All VMS employees are required to wear high-visibility apparel, including spray painting the back of work gloves with high-visibility paint.

Workers are trained to stay clear of moving machinery, to never assume the operator sees them and to avoid getting between vehicles or equipment. Struck-by and caught-between incidents are common in work zones, so Meola emphasizes to employees that they should always leave themselves a quick route of escape.

Because the shortest distance between two points is a straight line, VMS workers also are taught that if they need to cross the roadway, wait until there is a lull in the traffic and cross at a 90-degree angle to the traffic.

"We are under no illusions about the risks we face," he said. "Every time one of our technicians gets out of the truck on a highway, we're at risk. Our approach to safety engineering recognizes this, and we 'drill down' as far as necessary to reach the level of protection we need."

Construction Program

Training is the name of the game at 1,400-employee Rea Construction, a regional road and bridge contractor based in Charlotte, N.C. Because Rea has 70 work sites at any one time, the five-person safety department - led by Steve Hubbard, safety and loss control manager - counts on each crew member to be fully trained in work zone safety procedures. "Every person in the company is a safety rep. That's how we look at it," Hubbard said.

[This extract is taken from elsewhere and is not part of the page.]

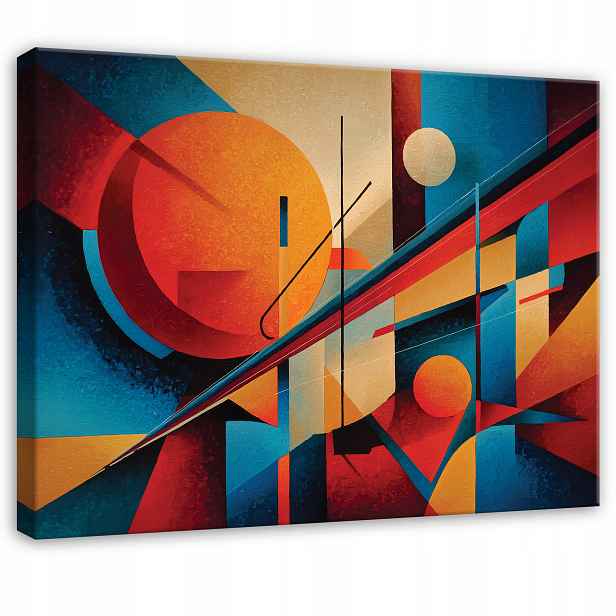 Barevný Obraz Abstrakce Pop Art Do Předsíně Kanceláře Moderní 120x80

Rea Construction focuses its safety training on several areas:

Employee orientation. Training for every new employee begins at orientation and before stepping on the job site. Because the highest percentage of accidents happens to new employees, "we do training at the beginning to eliminate that high percentage," Hubbard said.

Orientation includes at least five hours on work zone safety basics. Even Rea's truck drivers go through the same safety orientation, which includes personal protective equipment (PPE), housekeeping, hazard communication, emergency and first aid procedures, and accident reporting. Workers also have safety training on specific job tasks, such as 30 to 45 minutes on trenching and excavation.

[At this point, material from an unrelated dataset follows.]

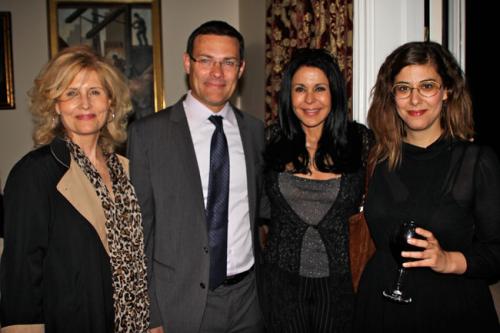 The Israeli Consulate in Los Angeles Supporting Angels in the Sky and Enjoying the Evening: Carolyn, David, Maria and Atar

Rea's emphasis on comprehensive safety training up-front with every

employee has an additional benefit - the company ends up with a more

loyal group of workers and reduced turnover. "It shows people that we're interested in them as a person and that we are interested in their personal safety," Hubbard said.

After orientation, hourly workers receive ongoing safety training that includes weekly toolbox meetings, run by the supervisors, on general topics and specific work zone situations.

Driver training. Before hiring drivers, Rea checks their motor vehicle record to ensure that they are safe to put behind the wheel. A new driver may possess a driver's license, but it might be suspended. "That's one of the biggest failures a lot of companies make," Hubbard said of not making sure a driver's license is valid.

Once hired, drivers go through a defensive driving course. New operators of specialized trucks spend two weeks with a qualified driver who teaches them how to, among other things, get into and out of work zones safely.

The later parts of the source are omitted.